Questa regola empirica ha trovato e trova continue conferme nella pratica e pertanto consente la definizione di una procedura a carattere generale adattabile facilmente a diversi contesti di business.

Con la corretta applicazione della metodologia RFM, si riduce il numero di clienti da contattare concentrandosi solo su quelli maggiormente qualificati ottenendo, in molti casi, un ritorno uguale o maggiore a quello che si sarebbe ottenuto sottoponendo l’intero customer database alla campagna.

Le soluzioni di segmentazione e targeting, applicate secondo la metodologia RFM, consentono, inoltre, alle aziende di offrire contenuti, promozioni ed esperienze create ad hoc in base alle caratteristiche comportamentali delle persone.
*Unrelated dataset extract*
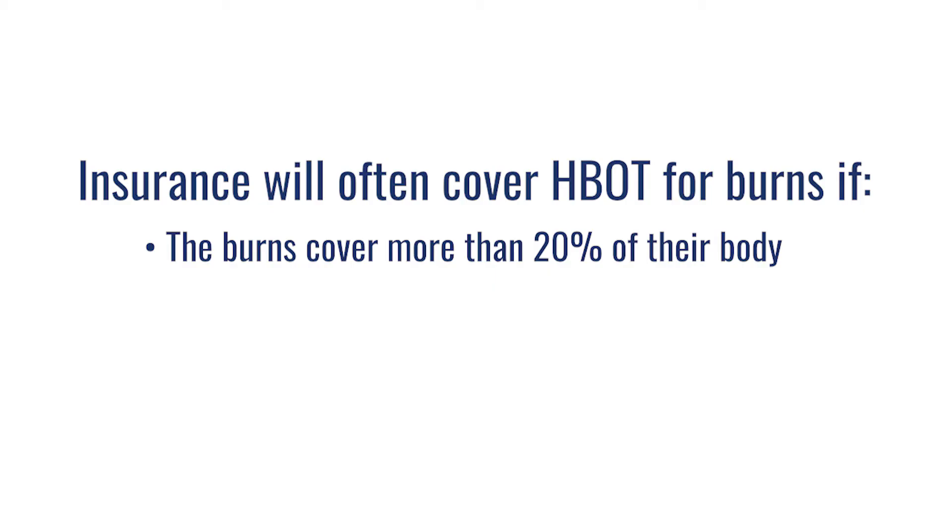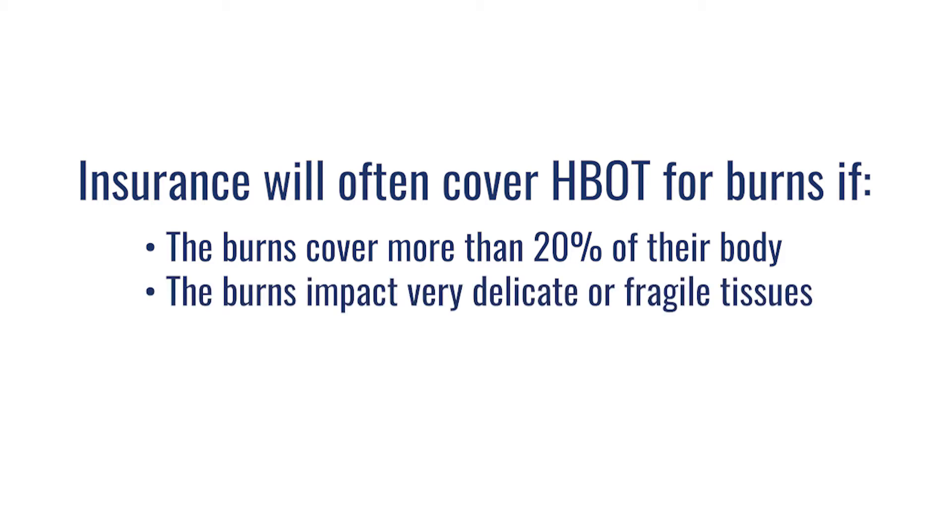Typically, insurance companies might even pick that up if the burns are over 20% of the person's body — severe burns over 20% of the person's body, or impacting very delicate or fragile tissues.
Non vi sono regole precise per attivare questa procedura e le variabili significative possono essere molteplici ed applicate in maniera integrata. Le più utilizzati sono:

  • segmentazione geografica: i destinatari vengono divisi secondo la zona geografica di appartenenza (nazioni, regioni, città, quartieri, zone, ecc. a seconda delle aree interessate), la densità di popolazione, la dimensione del centro urbano, il regime climatico, ecc…
  • segmentazione socio-demografica: i destinatari vengono divisi in base a variabili demografiche come età, sesso, dimensione della famiglia, fase del ciclo di vita, livello di reddito, tipo di occupazione, grado di istruzione, religione, classe sociale, ecc.
  • segmentazione psicografica: i destinatari vengono divisi in base allo stile di vita, allo status o alle caratteristiche della personalità
  • segmentazione in base al comportamento di fruizione: i destinatari vengono divisi in base alla frequenza di utilizzo del servizio, alla quantitativo medio di servizio fruito, alla fedeltà verso l’ente erogatore del servizio o il punto di erogazione del servizio, alla consapevolezza del valore del servizio fruito, all’atteggiamento verso il servizio. Queste informazioni possono essere impiegate, attraverso l’utilizzo di informazioni attuali e storiche, per offrire contenuti rilevanti ai clienti. Ad esempio, un cliente che cerca una vacanza nel Mediterraneo riceverà offerte rilevanti in base al suo comportamento storico, come una promozione per un “pacchetto vacanze in Spagna scontato del 50%”, per incoraggiarlo a completare il processo di acquisto. L’utilizzo dei dati in questo modo riduce la quantità di email considerate ‘spam’ dai clienti e incoraggia i destinatari ad aprire l’email e approfittare dell’offerta. Con questo tipo di segmentazione le organizzazioni hanno inoltre la possibilità di identificare clienti high-value attraverso un sistema di assegnazione di un punteggio che si basa sul comportamento dei clienti, per indicare le probabilità di conversione.
  • segmentazione in base ai benefici ricercati: i destinatari vengono divisi in base ai vantaggi ricercati dagli utenti nell’utilizzo di un certo servizio

Il corretto utilizzo dei dati facilita la creazione di segmenti target e nello stesso tempo aiutano le decisioni poiché di marketing sono basate su un quadro dettagliato e aggiornato della propria base clienti.

I vantaggi ci sono e sono potenzialmente molto rilevanti per le aziende: le soluzioni di segmentazione e targeting consentono di offrire contenuti, promozioni ed esperienze create ad hoc in base alle caratteristiche e al comportamento dei visitatori. I brand possono utilizzare i dati per offrire la giusta esperienza a ciascun cliente nel momento stesso in cui è online, aumentando sensibilmente le probabilità di convertire il visitatore in acquirente ed evitando che abbandoni il sito e si rivolga ai competitor. L’utilizzo dei dati per offrire un’esperienza personalizzata a clienti e prospect è in grado di migliorare il processo d’acquisto e, di conseguenza, la brand reputation, il tasso di conversione e il fatturato.